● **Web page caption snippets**
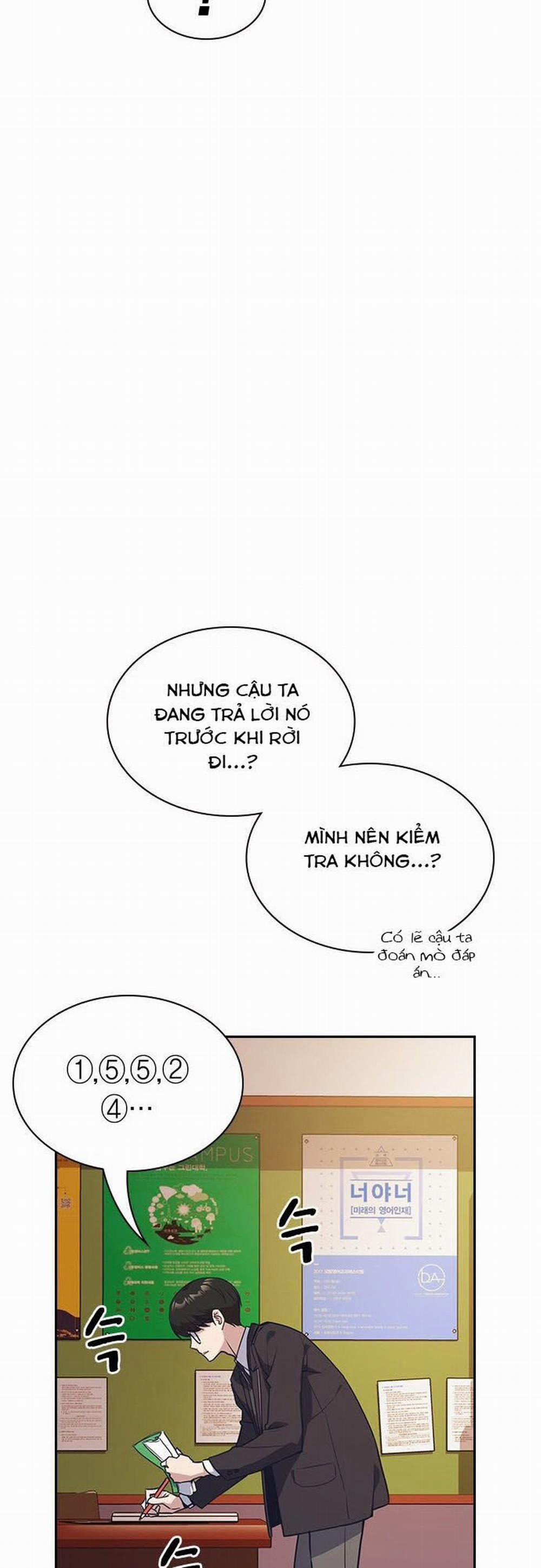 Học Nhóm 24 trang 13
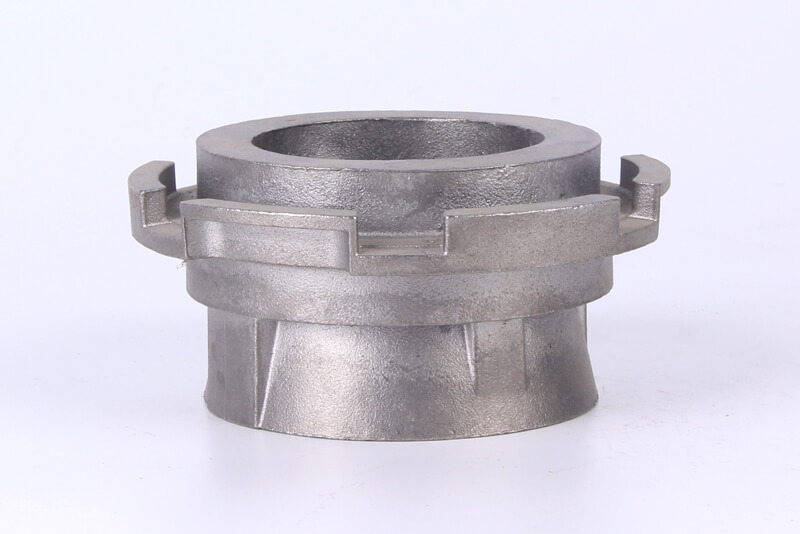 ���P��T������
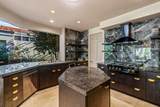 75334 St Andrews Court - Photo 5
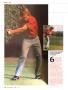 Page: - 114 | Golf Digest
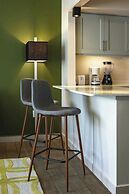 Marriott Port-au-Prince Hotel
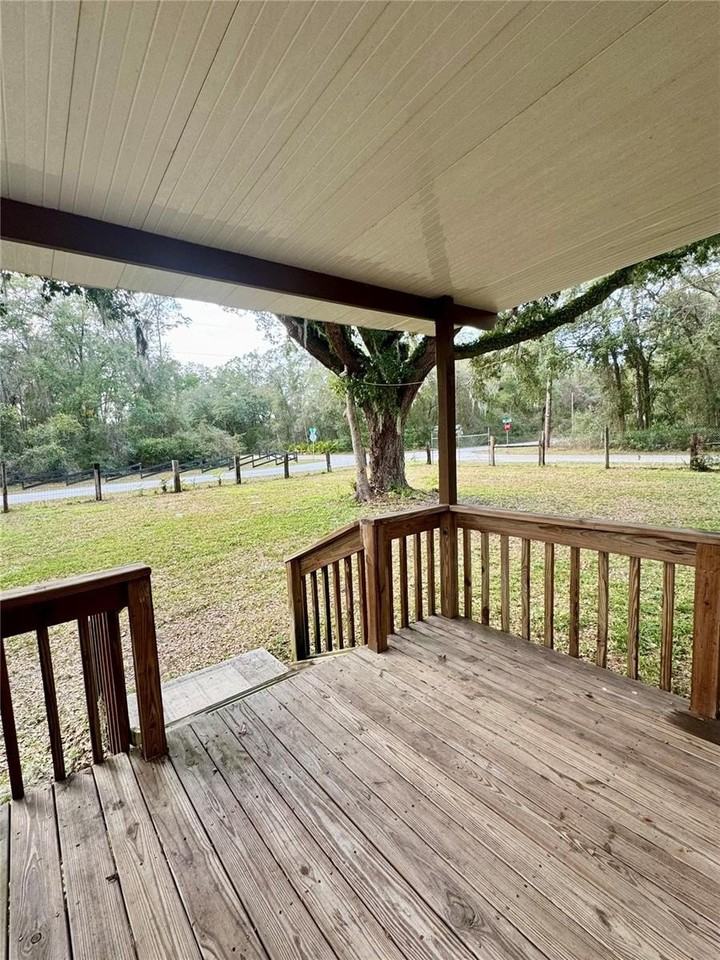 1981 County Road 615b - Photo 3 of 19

● **Exercise goal**
Could you output every record above exactly as it appears, without the pictures?

● **Exercise solution**
 Học Nhóm 24 trang 13
 ���P��T������
 75334 St Andrews Court - Photo 5
 Page: - 114 | Golf Digest
 Marriott Port-au-Prince Hotel
 1981 County Road 615b - Photo 3 of 19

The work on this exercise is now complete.